Liberman started violin lessons when he was six years old. In 1958 he was one of the prize winners of the International Tchaikovsky Competition for Violin in Moscow. Before his twentieth birthday, Liberman was accepted to the Leningrader Philharmonic Orchestra, where he made a career in the first violin group. In 1968 he was appointed concertmaster of this orchestra, which was then conducted by Yevgeny Mravinsky. He remained associated with the Leningrad Orchestra for 29 years.
Liberman emigrated from the Soviet Union to the Netherlands in 1979. On the recommendation of Kirill Kondrasjin, he became concertmaster of the Rotterdam Philharmonic Orchestra. In 1985 he took up this position with the (Royal) Concertgebouw Orchestra in Amsterdam. Liberman also performed several times as a soloist, for example on January 18, 1987 with the violin concerto by Tchaikovsky under the direction of chief conductor Riccardo Chailly.
At his farewell concert on the occasion of his retirement in 1996, he conducted the Royal Concertgebouw Orchestra in, among other things, Shostakovich's Fifth Symphony. He was then made a Knight in the Order of the Dutch Lion, one of the highest royal honors in the Netherlands.
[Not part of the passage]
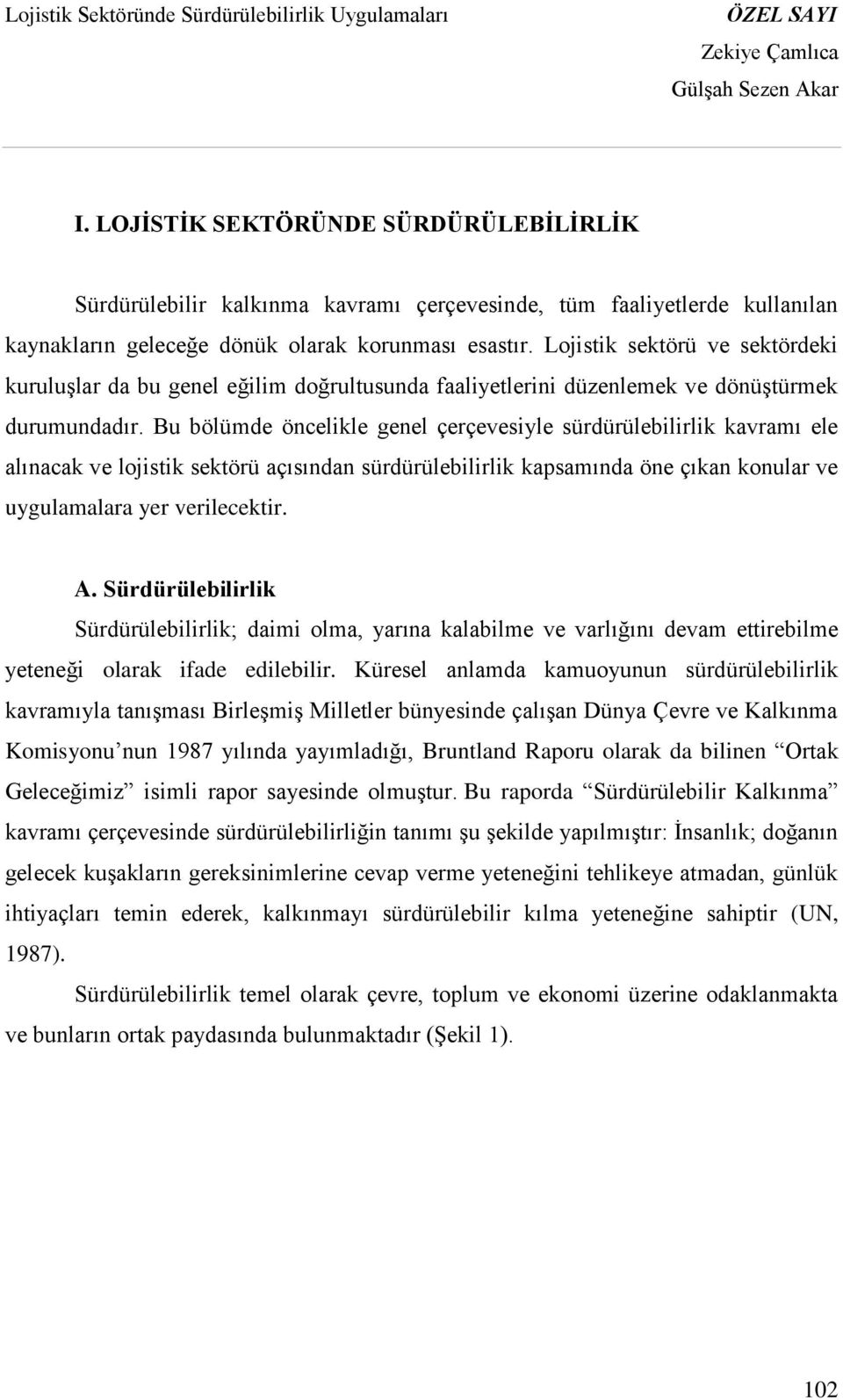 Bu bölümde öncelikle genel çerçevesiyle sürdürülebilirlik kavramı ele alınacak ve lojistik sektörü açısından sürdürülebilirlik kapsamında öne çıkan konular ve uygulamalara yer verilecektir. A.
He returned to the Concertgebouw Orchestra as a guest conductor, including replacing Carlo Maria Giulini on 15 October 1998.
In 1996 he became permanent guest conductor with the Noord Nederlands Orkest in Groningen, of which he was chief conductor from 1997 until his death. In addition, Liberman continued to perform as a soloist and was guest conductor with various European orchestras, including Nieuw Sinfonietta Amsterdam and the National Youth Orchestra in the Netherlands.
Liberman combined his activities as a musician with teaching. He was a violin teacher at the Utrecht Conservatory for a long time. He also regularly gave master classes.
In an interview with Het Parool, Liberman said that he had never felt any affinity with the Communist Party of the Soviet Union, but that he did not feel like a dissident either. "The violin is my life," he said.
Viktor Liberman's health in later life was fragile; he survived major heart surgery in the mid 1990s. He died in 1999 at the age of only 68 from liver cancer. He had one son.